(WHAT NEEDS TO BE DONE)
Produce again, without any change, the lines running from the one with "15734 Autumn Glen" through the final line of the data below, and only those.

** DATASET RECORDS follows **

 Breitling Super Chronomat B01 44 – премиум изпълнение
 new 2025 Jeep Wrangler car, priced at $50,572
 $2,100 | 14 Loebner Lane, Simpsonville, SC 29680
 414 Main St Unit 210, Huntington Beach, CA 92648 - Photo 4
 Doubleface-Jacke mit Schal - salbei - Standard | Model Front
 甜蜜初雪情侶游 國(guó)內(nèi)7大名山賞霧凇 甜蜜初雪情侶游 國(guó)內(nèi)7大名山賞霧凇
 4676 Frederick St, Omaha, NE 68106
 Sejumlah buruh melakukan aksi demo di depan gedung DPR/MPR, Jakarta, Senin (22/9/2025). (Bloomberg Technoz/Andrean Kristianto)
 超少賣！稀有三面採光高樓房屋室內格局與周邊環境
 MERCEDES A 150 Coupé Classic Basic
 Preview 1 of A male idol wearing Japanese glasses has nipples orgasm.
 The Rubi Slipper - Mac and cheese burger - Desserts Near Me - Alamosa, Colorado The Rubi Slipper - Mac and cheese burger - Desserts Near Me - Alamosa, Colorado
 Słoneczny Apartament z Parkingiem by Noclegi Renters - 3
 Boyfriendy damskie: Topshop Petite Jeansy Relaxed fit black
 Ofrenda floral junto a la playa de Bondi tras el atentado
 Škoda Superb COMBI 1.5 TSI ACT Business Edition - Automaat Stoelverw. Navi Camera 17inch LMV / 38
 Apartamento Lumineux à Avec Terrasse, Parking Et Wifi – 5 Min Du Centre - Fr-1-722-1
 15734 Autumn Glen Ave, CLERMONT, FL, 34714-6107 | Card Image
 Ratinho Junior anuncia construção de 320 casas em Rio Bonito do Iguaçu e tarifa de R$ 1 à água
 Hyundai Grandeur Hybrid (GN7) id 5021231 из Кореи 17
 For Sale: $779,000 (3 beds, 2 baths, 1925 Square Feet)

** End of DATASET RECORDS **

(YOUR RESPONSE)
 15734 Autumn Glen Ave, CLERMONT, FL, 34714-6107 | Card Image
 Ratinho Junior anuncia construção de 320 casas em Rio Bonito do Iguaçu e tarifa de R$ 1 à água
 Hyundai Grandeur Hybrid (GN7) id 5021231 из Кореи 17
 For Sale: $779,000 (3 beds, 2 baths, 1925 Square Feet)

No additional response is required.